Último poste da série de 10 de janeiro de 2018 > Guiné 61/74 - P18198: Bibliografia de uma guerra (82): “Contra o Vento, Portugal, o Império e a Maré Anticolonial (1945-1960)”, por Valentim Alexandre; Temas e Debates/Círculo de Leitores, 2017 (1) (Mário Beja Santos)

2 comentários:

Antº Rosinha disse...

Todos os acontecimentos (descolonizações africanas à balda) que se seguiram à II Grande Guerra, aconteceram precisamente porque a Europa colonial, Inglaterra, França, Bélgica, Holanda, (sem falar na Alemanha) ficaram de pantanas, com aquela brutalidade.

Essa foi a razão mais directa, para as potências, Rússia, EUA e China deitarem fogo ao pasto.

Ainda hoje a Europa não pode com uma gata pelo rabo e o mediterrâneo está permanentemente a pedir-lhe responsabilidades.

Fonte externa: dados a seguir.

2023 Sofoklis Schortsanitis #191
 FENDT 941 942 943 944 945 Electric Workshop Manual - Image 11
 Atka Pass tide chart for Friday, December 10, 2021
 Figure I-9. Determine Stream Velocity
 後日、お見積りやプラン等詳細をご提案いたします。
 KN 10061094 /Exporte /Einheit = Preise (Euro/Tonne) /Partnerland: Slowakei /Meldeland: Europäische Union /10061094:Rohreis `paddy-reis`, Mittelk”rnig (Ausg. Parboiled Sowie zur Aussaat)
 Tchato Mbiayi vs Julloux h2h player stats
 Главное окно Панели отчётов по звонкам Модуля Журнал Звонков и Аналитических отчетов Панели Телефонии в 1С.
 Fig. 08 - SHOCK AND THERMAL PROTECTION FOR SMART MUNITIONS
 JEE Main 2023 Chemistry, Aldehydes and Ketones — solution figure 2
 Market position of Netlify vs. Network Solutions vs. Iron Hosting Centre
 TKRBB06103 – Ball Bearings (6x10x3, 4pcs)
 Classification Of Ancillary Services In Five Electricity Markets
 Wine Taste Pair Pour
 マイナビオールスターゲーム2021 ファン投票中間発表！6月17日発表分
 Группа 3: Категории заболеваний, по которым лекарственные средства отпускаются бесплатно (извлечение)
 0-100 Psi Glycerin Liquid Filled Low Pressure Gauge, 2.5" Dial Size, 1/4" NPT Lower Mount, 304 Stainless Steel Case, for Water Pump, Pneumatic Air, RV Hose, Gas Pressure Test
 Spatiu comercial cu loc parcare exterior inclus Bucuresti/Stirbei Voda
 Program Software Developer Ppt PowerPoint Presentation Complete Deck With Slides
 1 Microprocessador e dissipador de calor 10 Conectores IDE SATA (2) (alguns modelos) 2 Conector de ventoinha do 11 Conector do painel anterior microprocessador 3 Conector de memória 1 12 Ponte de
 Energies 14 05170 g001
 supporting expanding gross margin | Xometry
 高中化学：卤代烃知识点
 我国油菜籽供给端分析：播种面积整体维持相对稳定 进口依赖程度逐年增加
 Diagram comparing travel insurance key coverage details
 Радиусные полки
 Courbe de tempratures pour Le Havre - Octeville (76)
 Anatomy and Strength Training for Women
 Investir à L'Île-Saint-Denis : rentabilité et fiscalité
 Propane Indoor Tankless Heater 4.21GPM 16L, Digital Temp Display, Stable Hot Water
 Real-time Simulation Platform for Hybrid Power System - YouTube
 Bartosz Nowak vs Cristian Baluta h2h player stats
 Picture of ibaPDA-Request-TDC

A Europa continua de rastos e sem respostas.

Em todas as histórias que se façam, devem sempre frisar que Portugal estava "orgulhosamente só" contra tudo o que se passava, e só assim a história ficará bem escrita.

E hoje Portugal deve olhar para o mediterrâneo sem precisar de virar a cara.





Anónimo disse...

Alinho neste comentário de Antº Rosinha, nunca nos devemos esquecer que estávamos nesta guerra de 13 anos, 'orgulhosamente sós' e só por isso já somos uma grande NAÇÃO.
E não vou comentar mais, pois podem ser mal interpretadas, e eu estou aqui para escrever aquilo que penso, mas não digo tudo.